One line at a time, check the entries below for the word "truck", and copy each line that has it.

## Recorded data
====

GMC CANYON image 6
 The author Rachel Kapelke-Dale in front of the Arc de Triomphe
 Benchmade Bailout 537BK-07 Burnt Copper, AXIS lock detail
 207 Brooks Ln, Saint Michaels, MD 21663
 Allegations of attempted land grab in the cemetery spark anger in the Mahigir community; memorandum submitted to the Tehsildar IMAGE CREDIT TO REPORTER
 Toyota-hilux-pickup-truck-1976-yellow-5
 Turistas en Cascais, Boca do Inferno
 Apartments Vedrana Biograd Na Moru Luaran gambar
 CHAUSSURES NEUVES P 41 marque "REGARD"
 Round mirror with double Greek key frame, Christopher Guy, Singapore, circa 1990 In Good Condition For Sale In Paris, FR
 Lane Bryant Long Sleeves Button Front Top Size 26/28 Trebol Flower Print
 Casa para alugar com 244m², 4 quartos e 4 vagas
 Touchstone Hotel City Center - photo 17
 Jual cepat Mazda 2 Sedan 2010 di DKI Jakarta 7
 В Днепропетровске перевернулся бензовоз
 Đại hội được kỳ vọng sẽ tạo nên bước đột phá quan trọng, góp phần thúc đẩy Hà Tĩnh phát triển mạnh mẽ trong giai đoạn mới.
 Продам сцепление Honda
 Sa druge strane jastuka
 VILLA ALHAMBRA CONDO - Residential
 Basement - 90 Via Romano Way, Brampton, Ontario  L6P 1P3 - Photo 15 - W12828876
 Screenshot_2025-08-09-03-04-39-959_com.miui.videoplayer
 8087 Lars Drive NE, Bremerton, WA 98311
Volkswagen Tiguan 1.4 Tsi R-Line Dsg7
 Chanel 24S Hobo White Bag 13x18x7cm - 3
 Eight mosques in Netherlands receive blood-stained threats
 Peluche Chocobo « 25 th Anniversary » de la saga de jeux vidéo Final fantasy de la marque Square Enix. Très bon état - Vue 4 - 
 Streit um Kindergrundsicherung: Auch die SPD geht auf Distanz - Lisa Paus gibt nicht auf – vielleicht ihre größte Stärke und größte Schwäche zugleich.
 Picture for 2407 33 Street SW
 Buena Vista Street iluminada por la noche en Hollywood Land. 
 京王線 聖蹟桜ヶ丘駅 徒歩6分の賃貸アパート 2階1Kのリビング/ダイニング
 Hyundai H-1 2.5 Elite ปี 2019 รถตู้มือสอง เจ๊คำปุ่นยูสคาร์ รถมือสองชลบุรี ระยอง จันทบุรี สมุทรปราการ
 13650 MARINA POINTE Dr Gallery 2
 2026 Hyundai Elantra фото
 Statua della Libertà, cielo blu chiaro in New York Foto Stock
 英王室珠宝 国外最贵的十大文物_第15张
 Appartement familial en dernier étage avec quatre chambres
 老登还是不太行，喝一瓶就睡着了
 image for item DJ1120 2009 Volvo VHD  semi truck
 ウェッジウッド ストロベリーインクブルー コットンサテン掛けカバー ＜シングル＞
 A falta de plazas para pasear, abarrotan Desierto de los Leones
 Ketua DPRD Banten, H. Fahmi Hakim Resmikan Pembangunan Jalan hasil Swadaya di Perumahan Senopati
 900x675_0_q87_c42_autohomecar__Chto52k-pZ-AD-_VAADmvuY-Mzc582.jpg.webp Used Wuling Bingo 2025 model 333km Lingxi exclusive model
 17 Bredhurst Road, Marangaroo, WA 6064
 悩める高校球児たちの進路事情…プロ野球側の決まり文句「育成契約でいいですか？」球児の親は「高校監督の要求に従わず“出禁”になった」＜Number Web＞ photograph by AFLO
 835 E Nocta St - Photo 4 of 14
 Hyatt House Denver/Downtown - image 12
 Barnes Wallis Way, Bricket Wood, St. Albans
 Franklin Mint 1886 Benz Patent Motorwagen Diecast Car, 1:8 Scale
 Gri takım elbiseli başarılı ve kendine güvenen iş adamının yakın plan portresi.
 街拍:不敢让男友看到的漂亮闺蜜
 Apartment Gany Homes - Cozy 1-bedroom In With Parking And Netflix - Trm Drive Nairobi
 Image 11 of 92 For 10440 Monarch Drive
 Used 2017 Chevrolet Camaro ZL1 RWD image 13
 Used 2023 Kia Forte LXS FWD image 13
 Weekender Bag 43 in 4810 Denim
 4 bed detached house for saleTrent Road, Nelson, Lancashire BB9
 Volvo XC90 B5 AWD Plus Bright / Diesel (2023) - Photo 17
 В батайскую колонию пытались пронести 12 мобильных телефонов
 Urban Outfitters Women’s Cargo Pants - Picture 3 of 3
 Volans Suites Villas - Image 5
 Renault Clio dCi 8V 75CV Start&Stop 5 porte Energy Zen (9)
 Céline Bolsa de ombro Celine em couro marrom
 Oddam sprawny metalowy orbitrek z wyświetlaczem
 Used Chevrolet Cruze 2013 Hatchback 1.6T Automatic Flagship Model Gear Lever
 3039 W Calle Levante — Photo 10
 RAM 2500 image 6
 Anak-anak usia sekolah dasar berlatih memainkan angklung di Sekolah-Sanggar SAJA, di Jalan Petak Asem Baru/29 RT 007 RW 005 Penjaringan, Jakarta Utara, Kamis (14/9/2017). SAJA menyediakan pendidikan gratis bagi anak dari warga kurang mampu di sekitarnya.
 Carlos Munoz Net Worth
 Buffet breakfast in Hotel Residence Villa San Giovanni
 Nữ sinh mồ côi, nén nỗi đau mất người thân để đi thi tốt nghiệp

====

## Task answer
 Toyota-hilux-pickup-truck-1976-yellow-5
 image for item DJ1120 2009 Volvo VHD  semi truck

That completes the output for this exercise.